Utang BUMN sebagai Penyebab Potensial Bangkrut
Tanggal: 28 Jun 2024 04:44 wib.
Direktur Utama PT Danareksa (Persero) Yadi Jaya Ruchandi mengungkapkan bahwa enam Badan Usaha Milik Negara (BUMN) menghadapi potensi pembubaran karena masalah keuangan. Pernyataan Yadi ini disampaikan dalam Rapat Dengar Pendapat bersama Komisi VI DPR RI.
Menurut Yadi, saat ini terdapat 21 BUMN dan satu anak usaha BUMN yang berstatus titip kelola, dengan PT Perusahaan Pengelola Aset (Persero) atau PPA bertanggung jawab atas penanganannya. Namun, hanya empat dari 22 perusahaan tersebut yang berpeluang untuk bangkit kembali, sedangkan enam lainnya berpotensi dihentikan operasinya, termasuk melalui likuidasi atau pembubaran BUMN.
Enam BUMN yang kemungkinan terdampak adalah PT Indah Karya (Persero), PT Dok dan Perkapalan Surabaya (Persero), PT Amarta Karya (Persero), PT Barata Indonesia (Persero), PT Varuna Tirta Prakasya (Persero), dan PT Semen Kupang. Menurut Yadi, perusahaan-perusahaan ini terancam karena potensi operasi minimum yang tidak tertutupi.
Salah satu alasan utama yang menyebabkan banyak BUMN terancam bubar adalah masalah utang yang membebani mereka dan sulit untuk pulih. Yadi mencontohkan kasus PT Barata Indonesia (Persero) yang masih terlilit utang, bahkan setelah melakukan restrukturisasi melalui Penundaan Kewajiban Pembayaran Utang (PKPU). Perusahaan ini belum mampu melunasi utangnya yang membebani operasionalnya.
Tak hanya Barata Indonesia, BUMN Indah Karya juga sedang berjuang melalui proses PKPU untuk menyelesaikan utang-utangnya.
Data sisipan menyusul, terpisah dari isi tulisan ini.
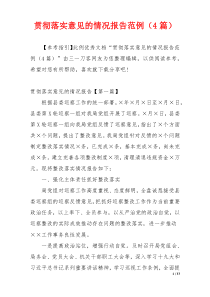 贯彻落实意见的情况报告范例（4篇）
Di samping itu, upaya disertai dengan penjualan aset menunjukkan bahwa masih ada kesempatan bagi BUMN tersebut untuk bangkit kembali.
Namun, memiliki utang bukanlah satu-satunya faktor yang menyebabkan BUMN terancam bangkrut. Yadi juga menyebut bahwa ada empat BUMN lain yang memiliki potensi untuk pulih, seperti Persero Batam, PT Boma Bisma Indra (Persero) atau BBI, PT. Dok dan Perkapalan Kodja Bahari (Persero) atau DKB dan PT Industri Kapal Indonesia (Persero) atau IKI.
Yadi menekankan bahwa BBI, sebuah BUMN manufaktur, memiliki peluang untuk memanfaatkan larangan dan pembatasan impor dari Kementerian Perindustrian. Ini menunjukkan kesempatan bagi industri manufaktur dalam negeri untuk mendapatkan kembali permintaan, karena saat ini masih kalah bersaing dengan negara lain yang melakukan impor.
Di sisi lain, BUMN galangan kapal seperti Dok dan Perkapalan Kodja Bahari serta IKI masih memiliki potensi tinggi karena permintaan yang tinggi, terutama dengan posisi Indonesia sebagai negara maritim. Permintaan yang tinggi dari BUMN lainnya seperti Pelni, ASDP, bahkan Pertamina menunjukkan adanya peluang untuk melakukan peningkatan skala produksi.
Ini menandakan bahwa meskipun utang menjadi salah satu faktor utama, BUMN yang mampu memanfaatkan peluang pasar dan pengembangan industri masih memiliki harapan untuk bangkit kembali. Memahami alasan-alasan di balik masalah keuangan BUMN dapat membantu pemerintah dalam menentukan langkah terbaik untuk mendukung pemulihan dan kelangsungan operasional BUMN tersebut.